The Indian linguistic minorities are the products of State policy. The reorganization provided space for the growth of many regional languages. Now, the states are further reorganized on the lines of issues, like underdevelopment and development of the regions within a state. The demands are on for their further division of linguistic states for social and economic reasons. These divisions are on the lines of some of the divisions that existed in pre-independence India, such as provinces. These further divisions may not create some more linguistic minorities.

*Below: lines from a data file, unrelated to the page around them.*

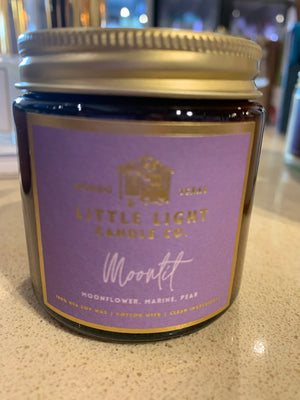 Little Light Candles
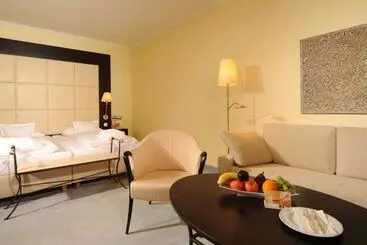 Ringhotel Landhaus Gardels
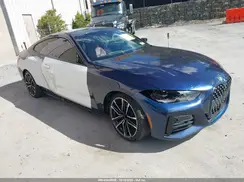 WBA73AP03NCJ02851 2022 BMW 4ER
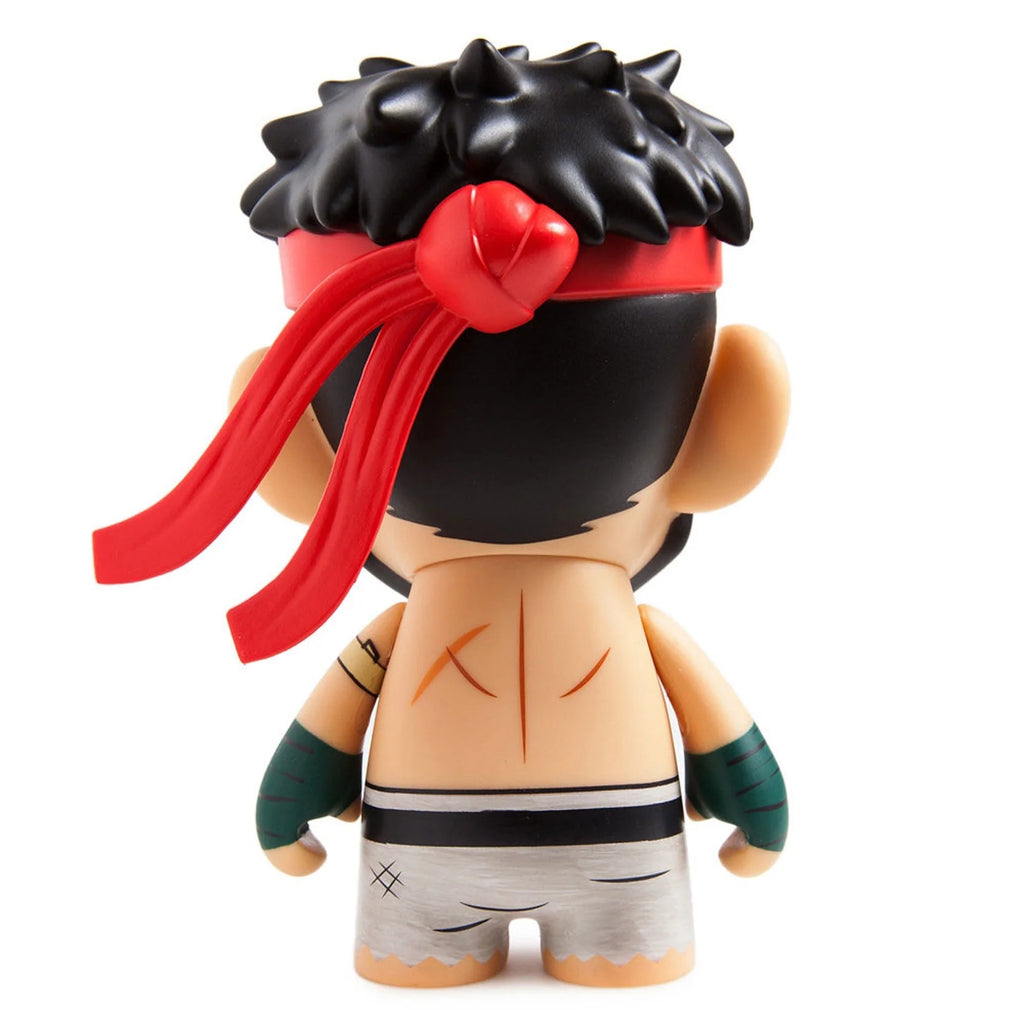 7" Vinyl Figure H6374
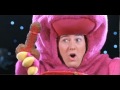 Death to Smoochy cookie scene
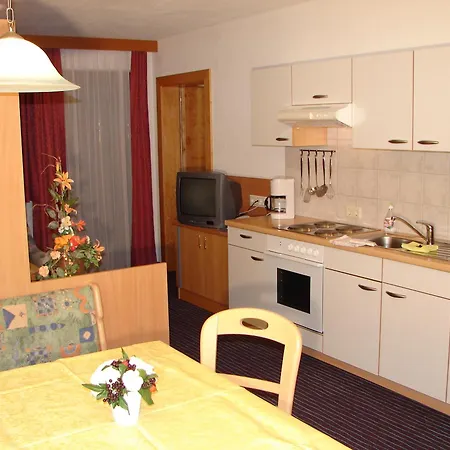 Haus Romana *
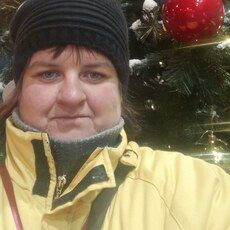 Фотография девушки Екатерина, 39 лет из г. Санкт-Петербург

Another important feature in India's linguistic scenario is the of layering of linguistic minorities unlike in most of the other countries, and also existence of different kinds of linguistic minorities. Many times, the identification of these kinds is domain-specific, or geography- specific. Speakers of one language are minority at one level, and they are majority at another level. Speakers of some of the languages remain minority at all the levels. Some of them tend to have a religious or tribal affiliation added to their feature as linguistic minority. And hence, the Constitution of India does not define as to who the linguistic minorities are. However, as we saw above, the Constitution has provided safeguards for them. Hence, the definition of linguistic minorities is generally taken for granted as a known commonsense fact than a concept to be defined or identified. The definition used to identify them is largely context-bound.

3. STATE AS A UNIT

The Supreme Court of India in the matter of TMA Pai Foundation and others vs State of Karnataka [Writ petition(Civil)No.317 of 1995]on October 31, 2002 decided that 'minority' within the meaning of Article 30 which provides right to the minorities to establish and administer educational institutions is "…for the purpose of determining the minority, the unit will be the State and not the whole of India. Thus, religious and linguistic minorities, who have been put at par in Article 30, have to be considered State-wise". And at the same time, it said that "Article 30 is a special right conferred on the religious and linguistic minorities because of their numerical handicap and to instill in them a sense of security and confidence, even though the minorities can not be per se regarded as weaker sections of underprivileged segments of the society."(emphasis added) This is not the end of the criteria to identify the linguistic minorities. There are other criteria too.

4. TALUK AS A UNIT

For the purpose of the implementation of Official Language(s) Act(s) of different states, the taluk is taken as a geographic territory to decide about whether a language is a minority language or not. If within a taluk a language spoken by more then 15% of the total population of the said taluk, that language is considered as a minority language in that context. The official documents, announcements of the government in the official language of the state have to be translated into those languages too, for use by the speakers of that language.

5. SCHOOL AS A UNIT

As agreed to in the Chief Ministers Conference in 1961, whenever there are 40 students in a school, or 10 in a class-room, desiring to learn in their mother tongue at the primary level, teaching will have to be done by appointing one teacher. Here normally the mother tongue of the child is different from the regional language and generally a minority language in the numerical sense.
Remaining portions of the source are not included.